• What needs to be done
Within the entries below, find the portion that opens with the line containing "file - Cadbull" and closes with the line containing "Mini-ITX Case Matte Black F158". Retype that portion exactly and only.
#####
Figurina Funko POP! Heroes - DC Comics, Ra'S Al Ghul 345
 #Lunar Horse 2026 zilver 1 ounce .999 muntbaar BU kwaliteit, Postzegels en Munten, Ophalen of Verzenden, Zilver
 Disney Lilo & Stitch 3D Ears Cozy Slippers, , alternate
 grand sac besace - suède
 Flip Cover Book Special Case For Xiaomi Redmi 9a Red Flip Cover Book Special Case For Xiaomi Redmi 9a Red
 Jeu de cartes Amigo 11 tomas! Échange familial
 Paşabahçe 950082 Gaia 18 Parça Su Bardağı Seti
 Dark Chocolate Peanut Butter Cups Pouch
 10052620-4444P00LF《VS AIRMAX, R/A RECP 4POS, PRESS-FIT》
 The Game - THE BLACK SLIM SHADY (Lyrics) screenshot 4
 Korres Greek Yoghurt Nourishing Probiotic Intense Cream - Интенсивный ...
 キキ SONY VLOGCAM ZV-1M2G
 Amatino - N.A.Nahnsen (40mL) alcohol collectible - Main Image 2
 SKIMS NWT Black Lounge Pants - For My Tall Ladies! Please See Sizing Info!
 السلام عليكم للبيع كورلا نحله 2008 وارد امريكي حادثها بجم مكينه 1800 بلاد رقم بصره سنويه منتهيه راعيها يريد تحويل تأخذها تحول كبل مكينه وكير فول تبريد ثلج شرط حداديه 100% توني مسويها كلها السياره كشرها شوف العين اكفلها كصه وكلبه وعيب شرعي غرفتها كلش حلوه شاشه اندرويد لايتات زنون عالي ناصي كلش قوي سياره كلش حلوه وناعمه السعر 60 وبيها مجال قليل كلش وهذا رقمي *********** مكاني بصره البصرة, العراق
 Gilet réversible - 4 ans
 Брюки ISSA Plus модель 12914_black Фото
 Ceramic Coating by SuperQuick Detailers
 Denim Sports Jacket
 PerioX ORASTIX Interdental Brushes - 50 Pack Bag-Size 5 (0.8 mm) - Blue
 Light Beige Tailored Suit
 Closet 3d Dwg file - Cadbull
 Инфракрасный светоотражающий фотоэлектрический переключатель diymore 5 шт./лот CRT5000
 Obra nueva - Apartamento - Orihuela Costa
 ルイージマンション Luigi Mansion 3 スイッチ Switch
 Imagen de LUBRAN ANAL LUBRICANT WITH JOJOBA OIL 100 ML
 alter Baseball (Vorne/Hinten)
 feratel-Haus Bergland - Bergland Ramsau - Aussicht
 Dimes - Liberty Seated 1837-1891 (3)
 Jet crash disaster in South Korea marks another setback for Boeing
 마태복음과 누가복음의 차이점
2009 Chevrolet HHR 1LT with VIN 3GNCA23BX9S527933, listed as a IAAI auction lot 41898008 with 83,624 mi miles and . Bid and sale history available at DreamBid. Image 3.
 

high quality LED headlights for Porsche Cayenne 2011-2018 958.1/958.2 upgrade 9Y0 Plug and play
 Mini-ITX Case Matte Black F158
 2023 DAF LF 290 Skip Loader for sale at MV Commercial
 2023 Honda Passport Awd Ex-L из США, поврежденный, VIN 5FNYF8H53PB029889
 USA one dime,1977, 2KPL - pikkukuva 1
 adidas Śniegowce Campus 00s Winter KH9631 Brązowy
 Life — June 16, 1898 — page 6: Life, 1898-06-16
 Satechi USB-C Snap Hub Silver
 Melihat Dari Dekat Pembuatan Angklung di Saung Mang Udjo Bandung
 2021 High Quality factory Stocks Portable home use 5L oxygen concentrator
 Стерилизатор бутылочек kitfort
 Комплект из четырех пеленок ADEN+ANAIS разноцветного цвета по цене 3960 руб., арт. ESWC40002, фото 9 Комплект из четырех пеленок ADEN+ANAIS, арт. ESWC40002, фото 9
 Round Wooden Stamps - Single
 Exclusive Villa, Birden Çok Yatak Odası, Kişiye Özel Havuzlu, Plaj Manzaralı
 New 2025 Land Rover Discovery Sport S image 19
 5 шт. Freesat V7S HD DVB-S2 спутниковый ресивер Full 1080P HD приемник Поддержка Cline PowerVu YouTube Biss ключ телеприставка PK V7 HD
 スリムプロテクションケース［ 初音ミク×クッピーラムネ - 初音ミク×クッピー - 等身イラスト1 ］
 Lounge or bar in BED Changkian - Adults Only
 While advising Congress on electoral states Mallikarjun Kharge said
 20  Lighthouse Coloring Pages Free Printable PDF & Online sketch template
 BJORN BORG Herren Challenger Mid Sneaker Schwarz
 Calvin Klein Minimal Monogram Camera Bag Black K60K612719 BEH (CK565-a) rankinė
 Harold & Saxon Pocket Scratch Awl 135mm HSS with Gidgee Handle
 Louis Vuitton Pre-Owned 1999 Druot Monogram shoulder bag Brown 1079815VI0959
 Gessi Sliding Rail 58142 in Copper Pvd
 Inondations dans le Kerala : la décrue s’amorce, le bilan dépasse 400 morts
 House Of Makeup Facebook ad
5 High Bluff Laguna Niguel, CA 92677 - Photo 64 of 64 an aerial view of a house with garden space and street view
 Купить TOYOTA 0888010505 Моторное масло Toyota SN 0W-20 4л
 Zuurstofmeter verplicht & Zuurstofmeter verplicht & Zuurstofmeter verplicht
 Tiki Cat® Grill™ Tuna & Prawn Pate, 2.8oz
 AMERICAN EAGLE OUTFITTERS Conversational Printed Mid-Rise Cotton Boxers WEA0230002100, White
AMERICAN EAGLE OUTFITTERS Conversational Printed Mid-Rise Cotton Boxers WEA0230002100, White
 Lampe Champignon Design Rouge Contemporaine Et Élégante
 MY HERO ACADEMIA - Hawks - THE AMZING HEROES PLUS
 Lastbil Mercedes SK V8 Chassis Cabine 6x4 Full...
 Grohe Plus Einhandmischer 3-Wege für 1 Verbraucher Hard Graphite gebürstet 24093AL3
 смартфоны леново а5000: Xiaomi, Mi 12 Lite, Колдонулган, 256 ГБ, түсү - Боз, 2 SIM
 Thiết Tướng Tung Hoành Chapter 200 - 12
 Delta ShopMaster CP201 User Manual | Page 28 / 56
#####
• Output below
 Closet 3d Dwg file - Cadbull
 Инфракрасный светоотражающий фотоэлектрический переключатель diymore 5 шт./лот CRT5000
 Obra nueva - Apartamento - Orihuela Costa
 ルイージマンション Luigi Mansion 3 スイッチ Switch
 Imagen de LUBRAN ANAL LUBRICANT WITH JOJOBA OIL 100 ML
 alter Baseball (Vorne/Hinten)
 feratel-Haus Bergland - Bergland Ramsau - Aussicht
 Dimes - Liberty Seated 1837-1891 (3)
 Jet crash disaster in South Korea marks another setback for Boeing
 마태복음과 누가복음의 차이점
2009 Chevrolet HHR 1LT with VIN 3GNCA23BX9S527933, listed as a IAAI auction lot 41898008 with 83,624 mi miles and . Bid and sale history available at DreamBid. Image 3.
 

high quality LED headlights for Porsche Cayenne 2011-2018 958.1/958.2 upgrade 9Y0 Plug and play
 Mini-ITX Case Matte Black F158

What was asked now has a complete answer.